**Work to be completed**
Where the line containing "2015 Mazda CX-5" appears below, begin there and reproduce each line exactly through the last one, omitting pictures.

**Data for the task**
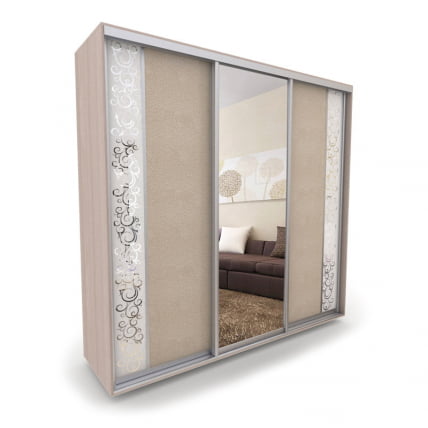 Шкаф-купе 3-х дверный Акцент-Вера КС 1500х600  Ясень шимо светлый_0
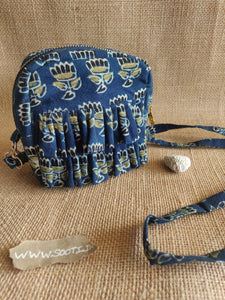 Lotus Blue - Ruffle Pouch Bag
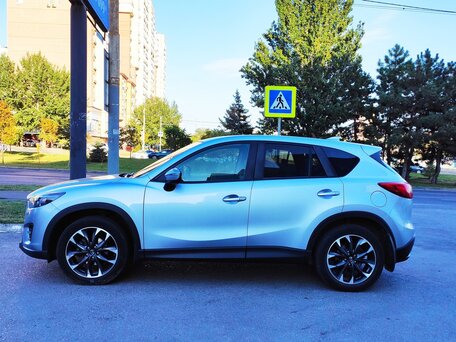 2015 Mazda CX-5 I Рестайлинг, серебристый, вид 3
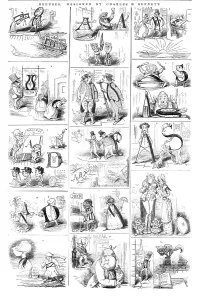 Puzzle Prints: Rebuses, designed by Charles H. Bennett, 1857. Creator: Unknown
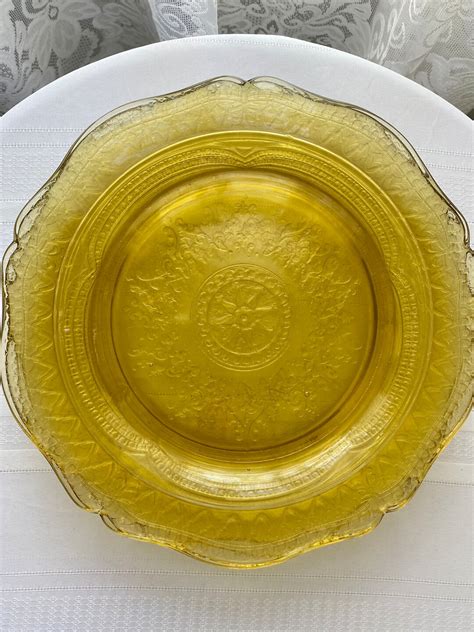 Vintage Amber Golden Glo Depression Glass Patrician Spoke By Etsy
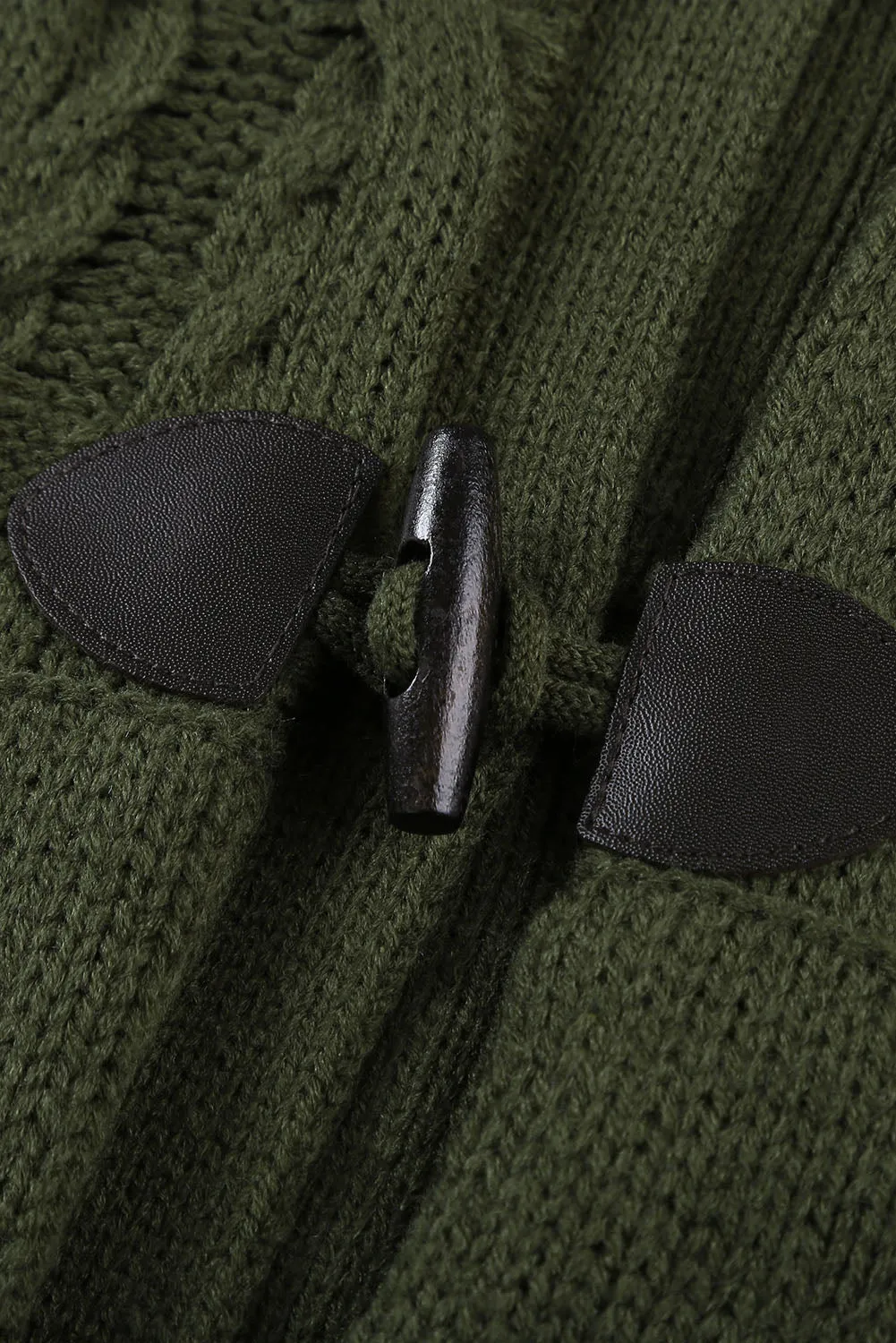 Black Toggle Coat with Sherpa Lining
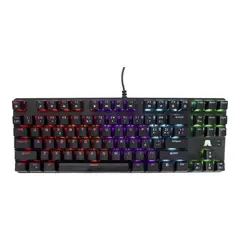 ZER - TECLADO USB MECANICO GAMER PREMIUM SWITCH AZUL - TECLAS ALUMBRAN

**Answer to this problem**
 2015 Mazda CX-5 I Рестайлинг, серебристый, вид 3
 Puzzle Prints: Rebuses, designed by Charles H. Bennett, 1857. Creator: Unknown
 Vintage Amber Golden Glo Depression Glass Patrician Spoke By Etsy
 Black Toggle Coat with Sherpa Lining
 ZER - TECLADO USB MECANICO GAMER PREMIUM SWITCH AZUL - TECLAS ALUMBRAN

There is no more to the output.